Press Release / Last Updated:

Congress Must Act to Restore the Voting Rights Act

Washington, D.C.  – “Today may be an anniversary but it is not a celebration,” said Elisabeth MacNamara, national President of the League of Women Voters. “It was one year ago that the U.S. Supreme Court gutted key provisions of the Voting Rights Act in Shelby County, Alabama v. Holder, leaving room for discrimination to gain an even better foothold at the ballot box.”

“Since then, the Voting Rights Amendment Act (VRAA) was crafted and introduced by a bipartisan group of legislators. The VRAA is a workable, commonsense solution that would modernize the elections process and protect voting rights against discrimination,” said MacNamara. “We have the solution. We just need Congress to continue to do its part and keep this legislative fix moving forward.”

“Today was an important step; the Senate Judiciary Committee held a hearing on voting rights and discrimination. The end result of that discussion: we must pass the VRAA and quickly,” MacNamara continued. “We are hopeful and encouraged by today’s action. We all know that League members never give up, and they have already sent tens of thousands of letters to Congress in support of swift action on this bill.”

“The House of Representatives and the House leadership must follow the Senate’s lead and move this bill forward,” said MacNamara. “At a time when trust and belief in our elected leaders is weak, the VRAA is proof that elected officials can put aside politics to govern.

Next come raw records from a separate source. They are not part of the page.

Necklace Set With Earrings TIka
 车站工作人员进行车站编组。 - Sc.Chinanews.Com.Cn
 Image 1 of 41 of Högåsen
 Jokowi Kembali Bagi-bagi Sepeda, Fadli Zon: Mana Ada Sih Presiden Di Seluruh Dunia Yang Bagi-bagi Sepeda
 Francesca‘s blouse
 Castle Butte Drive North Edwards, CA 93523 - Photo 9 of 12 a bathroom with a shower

Action in the House is needed quickly to prevent discrimination at the polls.”

“This fall, Americans across the country will head to the polls for the 2014 elections,” MacNamara said. “While unfortunately, there will be some voters that encounter discrimination in November, League members and others stand ready to help them get registered and vote. The VRAA is vitally important because it will help ensure equal access to the vote for all eligible voters and help fight against discrimination in voting.”

“Let’s use this occasion as motivation,” concluded MacNamara. “There is no better time than today to push the fight for equality at the ballot box closer to the finish line. Congress: Let’s get this done; let’s work to protect all eligible voters.” 

Contact Kelly Ceballos at [email protected] to find out more or to schedule an interview.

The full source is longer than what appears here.